(Brief descriptive captions)
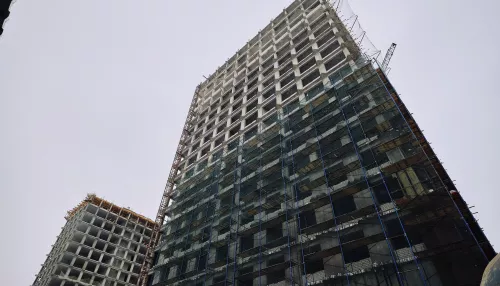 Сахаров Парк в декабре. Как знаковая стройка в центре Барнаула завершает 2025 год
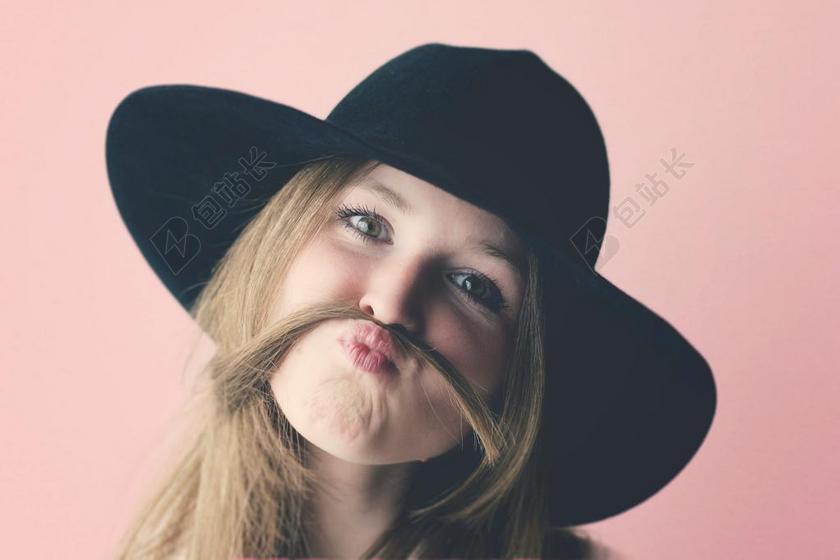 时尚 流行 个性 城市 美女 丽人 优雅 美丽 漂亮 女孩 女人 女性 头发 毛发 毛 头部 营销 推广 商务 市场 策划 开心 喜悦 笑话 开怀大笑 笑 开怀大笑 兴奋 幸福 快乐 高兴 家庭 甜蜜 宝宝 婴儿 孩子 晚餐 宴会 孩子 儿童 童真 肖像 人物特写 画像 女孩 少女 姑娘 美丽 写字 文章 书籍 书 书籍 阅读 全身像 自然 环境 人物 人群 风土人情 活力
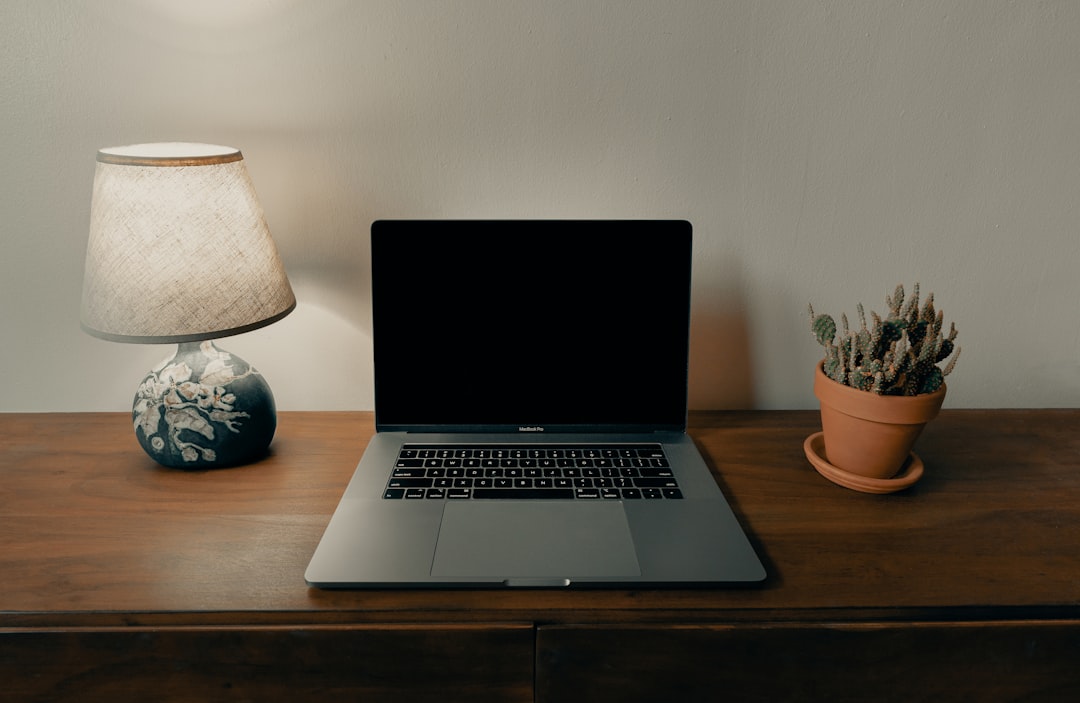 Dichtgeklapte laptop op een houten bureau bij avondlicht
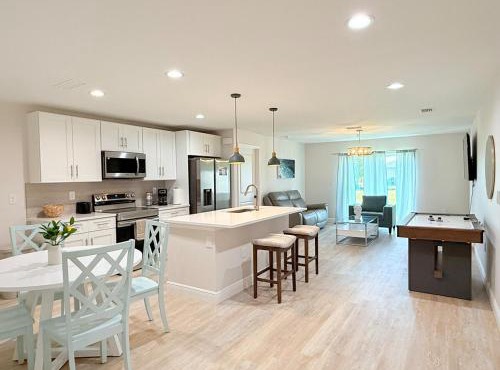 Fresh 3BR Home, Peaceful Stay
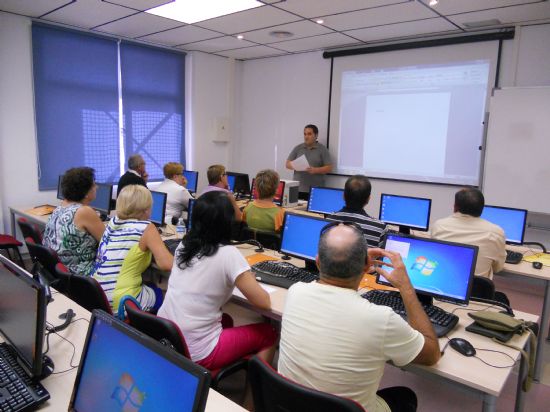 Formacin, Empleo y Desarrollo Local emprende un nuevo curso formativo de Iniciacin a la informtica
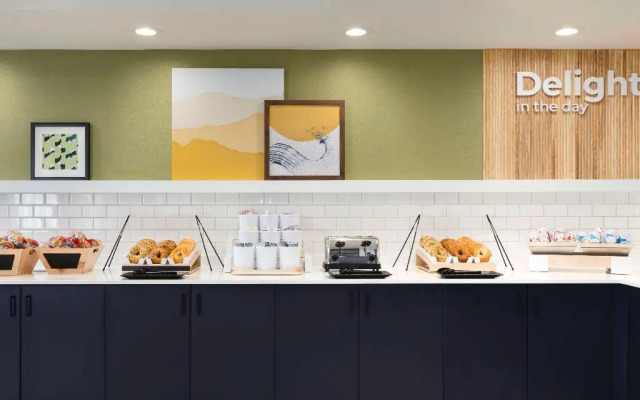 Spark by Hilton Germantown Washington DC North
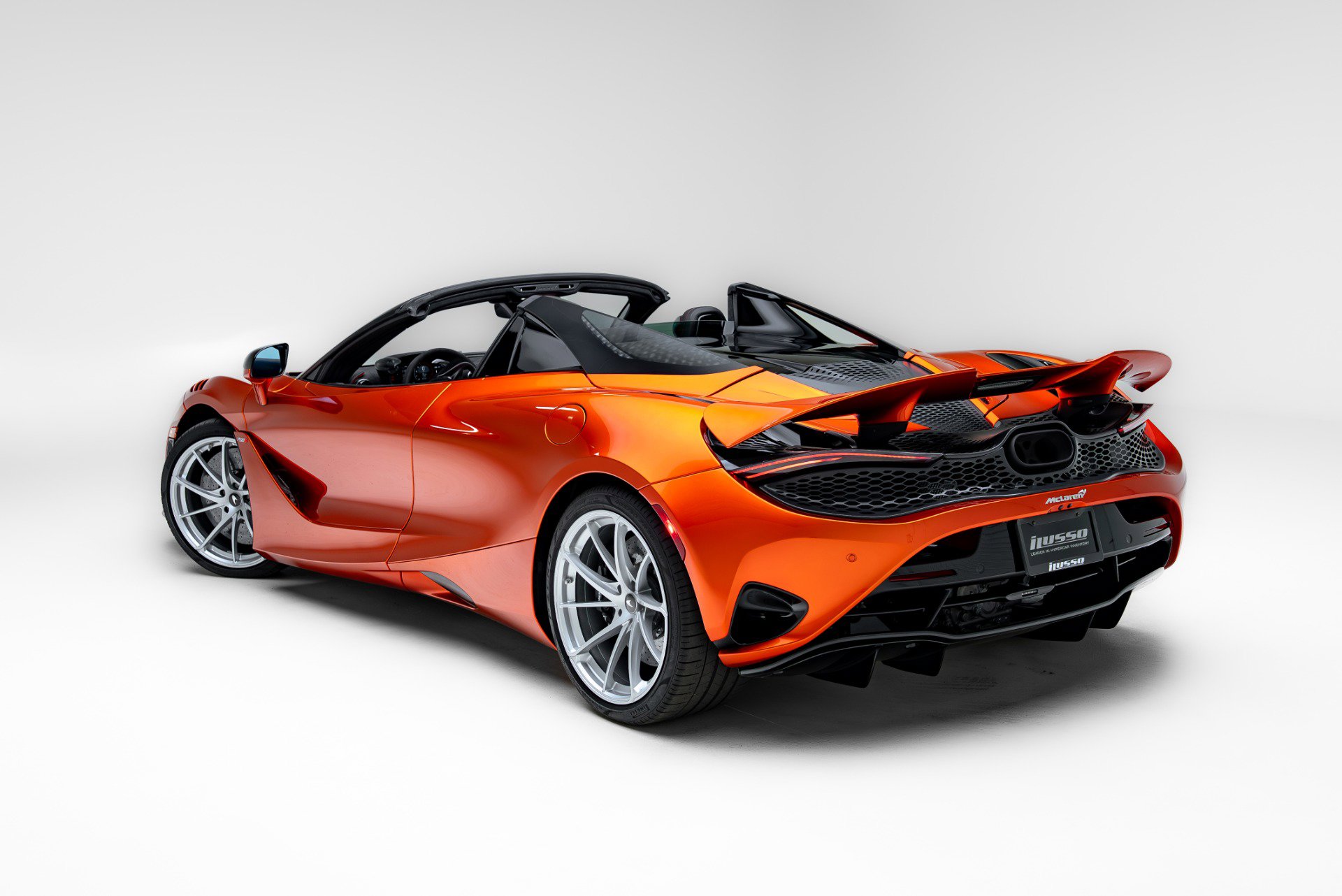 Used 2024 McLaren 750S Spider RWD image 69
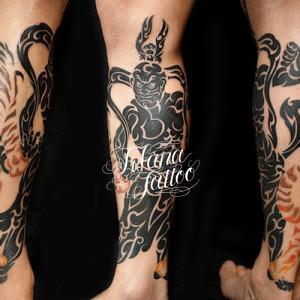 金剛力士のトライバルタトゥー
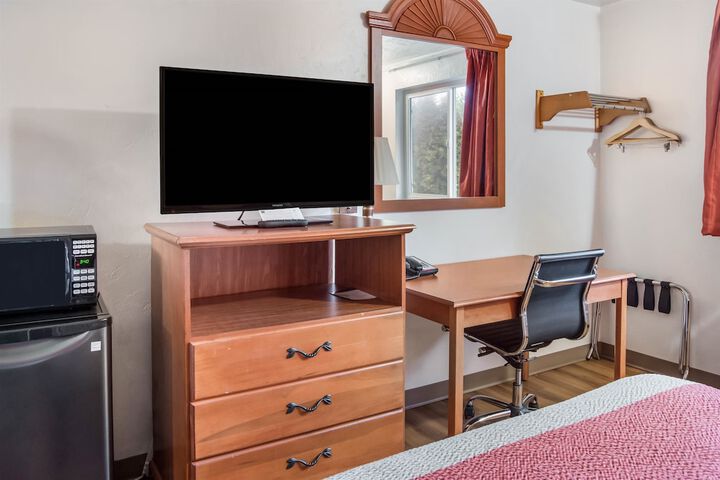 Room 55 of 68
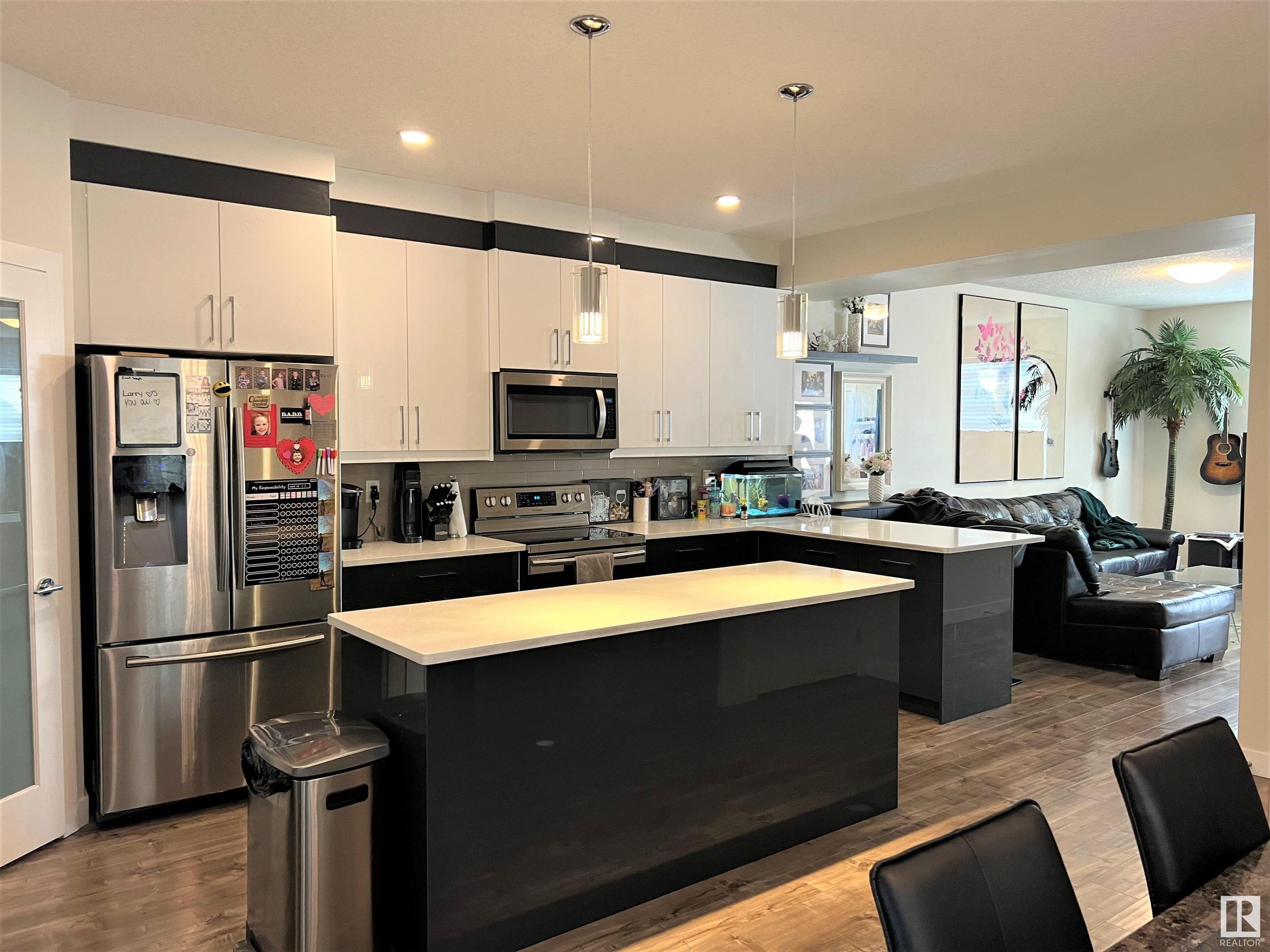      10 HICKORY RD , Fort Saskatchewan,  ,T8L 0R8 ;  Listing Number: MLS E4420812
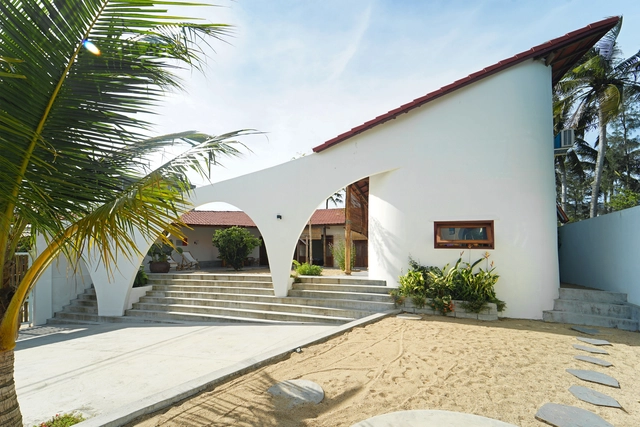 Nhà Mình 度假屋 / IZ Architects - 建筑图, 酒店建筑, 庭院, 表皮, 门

Goal of the exercise:
Copy out the records exactly. Do not include the pictures.

Reply:
 Сахаров Парк в декабре. Как знаковая стройка в центре Барнаула завершает 2025 год
 时尚 流行 个性 城市 美女 丽人 优雅 美丽 漂亮 女孩 女人 女性 头发 毛发 毛 头部 营销 推广 商务 市场 策划 开心 喜悦 笑话 开怀大笑 笑 开怀大笑 兴奋 幸福 快乐 高兴 家庭 甜蜜 宝宝 婴儿 孩子 晚餐 宴会 孩子 儿童 童真 肖像 人物特写 画像 女孩 少女 姑娘 美丽 写字 文章 书籍 书 书籍 阅读 全身像 自然 环境 人物 人群 风土人情 活力
 Dichtgeklapte laptop op een houten bureau bij avondlicht
 Fresh 3BR Home, Peaceful Stay
 Formacin, Empleo y Desarrollo Local emprende un nuevo curso formativo de Iniciacin a la informtica
 Spark by Hilton Germantown Washington DC North
 Used 2024 McLaren 750S Spider RWD image 69
 金剛力士のトライバルタトゥー
 Room 55 of 68
      10 HICKORY RD , Fort Saskatchewan,  ,T8L 0R8 ;  Listing Number: MLS E4420812
 Nhà Mình 度假屋 / IZ Architects - 建筑图, 酒店建筑, 庭院, 表皮, 门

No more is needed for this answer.